The CNT surface is essentially hydrophobic. Coating of tin and tin monosulfide cannot be done homogeneously over the entire CNT assembly without oxidizing the CNT surface. On the contrary, if the CNT surface is excessively oxidized, the electrical conductivity of CNT shall be degraded. Thus the surface of CNT has been lightly oxidized and coated with molten tin and sulfur. XRD of the composite electrode indicates the peaks of tin and tin monosulfide, in addition to the feature of CNT. SEM images show the mass of tin and tin monosulfide wraps up the one-dimensional nanotubes, and these materials become fragmented yet attached to CNT after lithiation.
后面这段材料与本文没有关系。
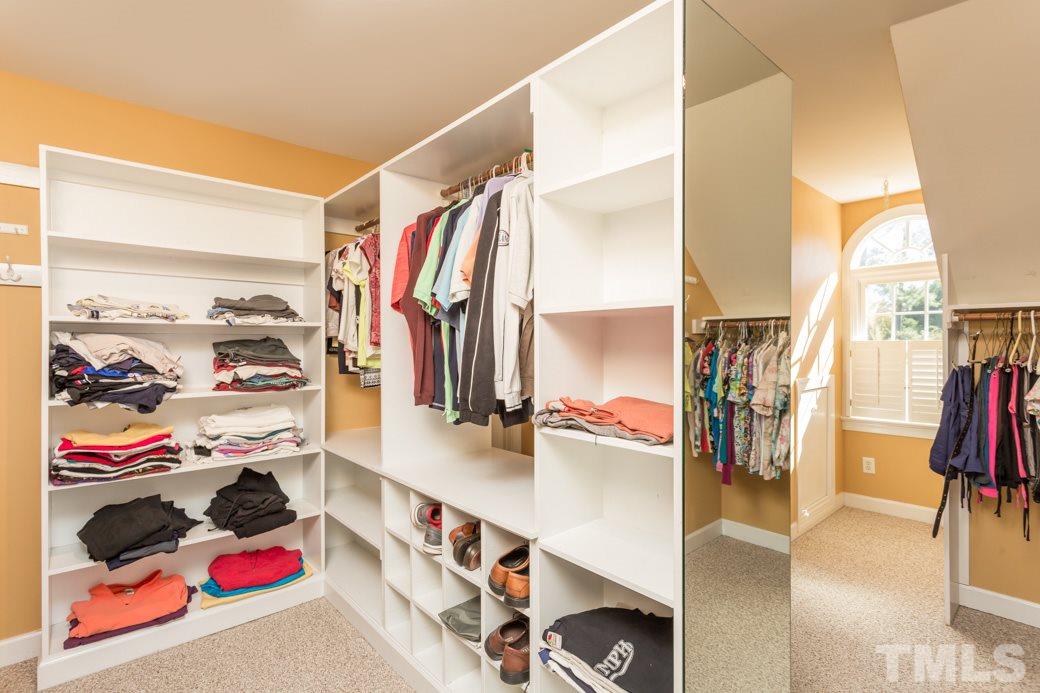 5215 Coffee Tree Drive Raleigh, NC 27613 - Photo 10 of 25 Incredible walk-in closet you’ve got to see to believe! Shelving, cubbies, hanging bars and lots of lighting are a fashionistas dream! A secret reading nook is accessed through the master walk-in closet!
The so-prepared CNT, oxidized at 50˚C or 60˚C and loaded with active materials of two C:S:Sn mass ratios (1:1.2:5.4 and 1:1.8:5.29), are denoted as A-01/02 and B-01/02. They exhibit capacity 1480/1690/ 1330/937 mAh g-1 in first charge cycle, 844/750/845/653 mAh g-1 in second cycle, and 716/554/645/548 mAh g-1 in third cycle at 0.1 A g-1. We conclude that the capacities of Sample A are higher than those of Sample B. To protect the electrode from losing too much sulfur, a small amount of pyrrole is added in electrolyte. With pyrrole, the electrode capacity at 0.1 A g-1 increases to 1400/1320 mAh g-1. If we raise the current density to 1.0 A g-1, the capacity of A-01 with pyrrole 314 mAh g-1, is still superior to that without pyrrole 256 mAh g-1. However, further raising the current to 10 A g-1, the capacity of A-01/02 with pyrrole decrease to 88/83 mAh g-1, which is less than A-01 without pyrrole, 104 mAh g-1. After the rate capacity measurements, A-01 with pyrrole has higher reversibility than A-02.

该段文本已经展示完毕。